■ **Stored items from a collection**
——————————

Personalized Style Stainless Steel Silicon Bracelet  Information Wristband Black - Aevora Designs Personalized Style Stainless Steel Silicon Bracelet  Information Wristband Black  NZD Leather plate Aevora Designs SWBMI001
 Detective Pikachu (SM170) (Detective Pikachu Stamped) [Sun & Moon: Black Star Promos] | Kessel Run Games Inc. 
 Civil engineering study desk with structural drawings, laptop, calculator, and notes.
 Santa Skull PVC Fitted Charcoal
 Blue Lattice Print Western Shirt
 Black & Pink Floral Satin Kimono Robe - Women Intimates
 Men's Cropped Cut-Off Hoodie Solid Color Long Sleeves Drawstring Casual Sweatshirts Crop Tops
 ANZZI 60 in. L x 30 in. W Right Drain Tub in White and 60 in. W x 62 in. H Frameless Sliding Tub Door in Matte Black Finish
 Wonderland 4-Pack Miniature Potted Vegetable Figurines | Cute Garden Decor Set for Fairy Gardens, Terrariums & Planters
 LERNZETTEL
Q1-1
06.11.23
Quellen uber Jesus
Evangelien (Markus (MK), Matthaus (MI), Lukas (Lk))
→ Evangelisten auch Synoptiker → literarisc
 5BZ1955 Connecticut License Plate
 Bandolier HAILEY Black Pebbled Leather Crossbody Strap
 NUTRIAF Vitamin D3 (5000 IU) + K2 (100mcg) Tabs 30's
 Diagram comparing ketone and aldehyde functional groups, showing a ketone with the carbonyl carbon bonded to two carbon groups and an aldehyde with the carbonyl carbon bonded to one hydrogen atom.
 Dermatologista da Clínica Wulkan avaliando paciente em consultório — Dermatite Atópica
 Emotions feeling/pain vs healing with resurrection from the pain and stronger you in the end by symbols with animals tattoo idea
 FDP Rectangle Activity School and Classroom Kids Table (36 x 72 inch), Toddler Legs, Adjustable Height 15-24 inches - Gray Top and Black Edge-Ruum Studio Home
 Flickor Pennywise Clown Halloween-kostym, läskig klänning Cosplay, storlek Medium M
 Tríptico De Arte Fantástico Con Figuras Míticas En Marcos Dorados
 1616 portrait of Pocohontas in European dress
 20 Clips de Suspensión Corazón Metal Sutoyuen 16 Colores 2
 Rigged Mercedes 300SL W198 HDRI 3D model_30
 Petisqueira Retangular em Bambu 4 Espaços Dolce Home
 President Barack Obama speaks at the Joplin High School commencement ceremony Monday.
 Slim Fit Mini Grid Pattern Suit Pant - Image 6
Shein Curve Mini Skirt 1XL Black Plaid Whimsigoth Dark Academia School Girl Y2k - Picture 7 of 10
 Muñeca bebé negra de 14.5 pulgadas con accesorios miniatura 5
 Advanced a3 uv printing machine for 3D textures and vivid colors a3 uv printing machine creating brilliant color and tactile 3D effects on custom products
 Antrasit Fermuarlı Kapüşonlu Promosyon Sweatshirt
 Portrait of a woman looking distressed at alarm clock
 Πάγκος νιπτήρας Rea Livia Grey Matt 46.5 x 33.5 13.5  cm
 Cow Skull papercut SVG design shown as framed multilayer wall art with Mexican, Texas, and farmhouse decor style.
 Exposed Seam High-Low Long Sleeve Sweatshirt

——————————

Which lines run from the one containing "Advanced a3 uv" to the end of the entries above? Print them exactly, both ends included, and nothing else.

 Advanced a3 uv printing machine for 3D textures and vivid colors a3 uv printing machine creating brilliant color and tactile 3D effects on custom products
 Antrasit Fermuarlı Kapüşonlu Promosyon Sweatshirt
 Portrait of a woman looking distressed at alarm clock
 Πάγκος νιπτήρας Rea Livia Grey Matt 46.5 x 33.5 13.5  cm
 Cow Skull papercut SVG design shown as framed multilayer wall art with Mexican, Texas, and farmhouse decor style.
 Exposed Seam High-Low Long Sleeve Sweatshirt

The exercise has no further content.